EXERCISE GOAL. From the listing below, reproduce exactly the lines starting with the one with "world. It alsoworld. It also" and going on through the one with "Check this A+ tutorial guideline at", both ends kept. No picture is copied.

◆ ◆ ◆

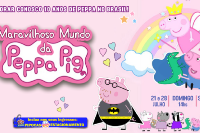 (28/07) Maravilhoso Mundo da Peppa Pig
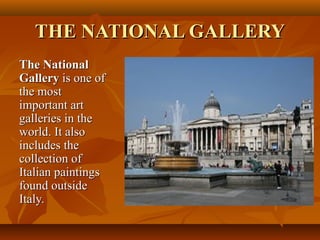 THE NATIONAL GALLERYTHE NATIONAL GALLERY
The NationalThe National
GalleryGallery is one ofis one of
the mostthe most
important artimportant art
galleries in thegalleries in the
world. It alsoworld. It also
includes theincludes the
collection ofcollection of
Italian paintingsItalian paintings
found outsidefound outside
Italy.Italy.
 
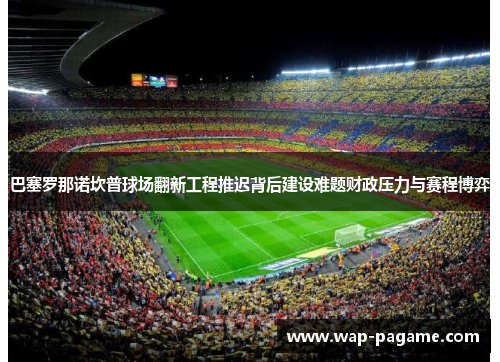 巴塞罗那诺坎普球场翻新工程推迟背后建设难题财政压力与赛程博弈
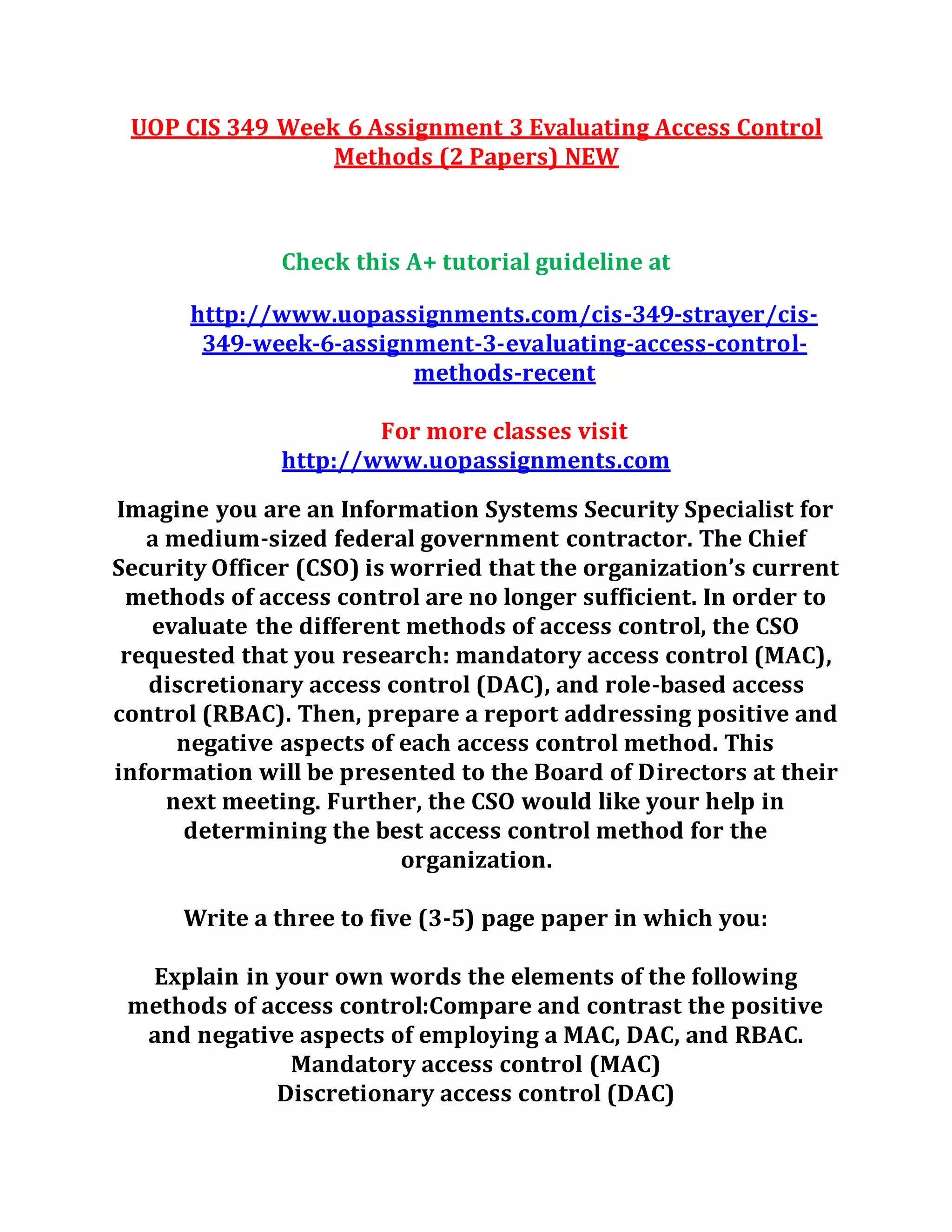 UOP CIS 349 Week 6 Assignment 3 Evaluating Access Control
Methods (2 Papers) NEW
Check this A+ tutorial guideline at
http://www.uopassignments.com/cis-349-strayer/cis-
349-week-6-assignment-3-evaluating-access-control-
methods-recent
For more classes visit
http://www.uopassignments.com
Imagine you are an Information Systems Security Specialist for
a medium-sized federal government contractor. The Chief
Security Officer (CSO) is worried that the organization’s current
methods of access control are no longer sufficient. In order to
evaluate the different methods of access control, the CSO
requested that you research: mandatory access control (MAC),
discretionary access control (DAC), and role-based access
control (RBAC). Then, prepare a report addressing positive and
negative aspects of each access control method. This
information will be presented to the Board of Directors at their
next meeting. Further, the CSO would like your help in
determining the best access control method for the
organization.
Write a three to five (3-5) page paper in which you:
Explain in your own words the elements of the following
methods of access control:Compare and contrast the positive
and negative aspects of employing a MAC, DAC, and RBAC.
Mandatory access control (MAC)
Discretionary access control (DAC)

◆ ◆ ◆

WRITTEN ANSWER.
world. It alsoworld. It also
includes theincludes the
collection ofcollection of
Italian paintingsItalian paintings
found outsidefound outside
Italy.Italy.
 
 巴塞罗那诺坎普球场翻新工程推迟背后建设难题财政压力与赛程博弈
 UOP CIS 349 Week 6 Assignment 3 Evaluating Access Control
Methods (2 Papers) NEW
Check this A+ tutorial guideline at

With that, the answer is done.